AIHerd, a startup founded by two veterinarians, is commercializing an early-detection system for cattle farmers. It is built on a technology that uses video analysis to measure animal health indicators. The startup’s mission is to increase productivity and improve animal wellness. CEA-List’s knowledge of computer vision and artificial intelligence played a key role in the development of the video analysis system that underpins the solution. A network of cameras produces a video stream used to identify animals inside farm buildings in real time. The capacity to individualize the collection of data to specific animals represents a technological breakthrough that will create new opportunities for the analysis of animal behavior.

Plus, the animals do not have to be equipped with any instruments and the system works for any number of animals. It can also effectively measure a wide range of indicators. One of the first use cases is likely to be heat detection. Farmers usually study the movements of animals equipped with electronic bracelets to determine when they are in heat. Here, a neural-network-based 3D tracking system can pick out individuals in the video images (5 per second) and identify them based on their coats, precisely locating them inside farm buildings in real time. AIHerd developed statistical analysis algorithms that automatically extract the relevant information.

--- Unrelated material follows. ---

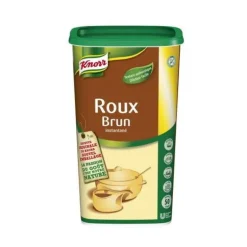 Roux brun instantané Knorr 1 kg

Le CEA-List et AIHerd ont développé un système d’analyse d’images pour le suivi et l’identification en temps réel des animaux
CEA-List and AIHerd developped a video analysis system that identify animals inside farm buildings in real time

Carnot CEA LIST and AIHerd are now working on improving system performance to better adapt to fluctuations in herd size and density over time. The next key phase will be to test the system at farms in 2022 to ensure that it is robust. Ultimately, the solution will bring cattle farms the kind of smart monitoring system they need to alert them very rapidly to issues with specific animals that require their attention. Not only will this reduce operating costs, but it will also improve animal wellness.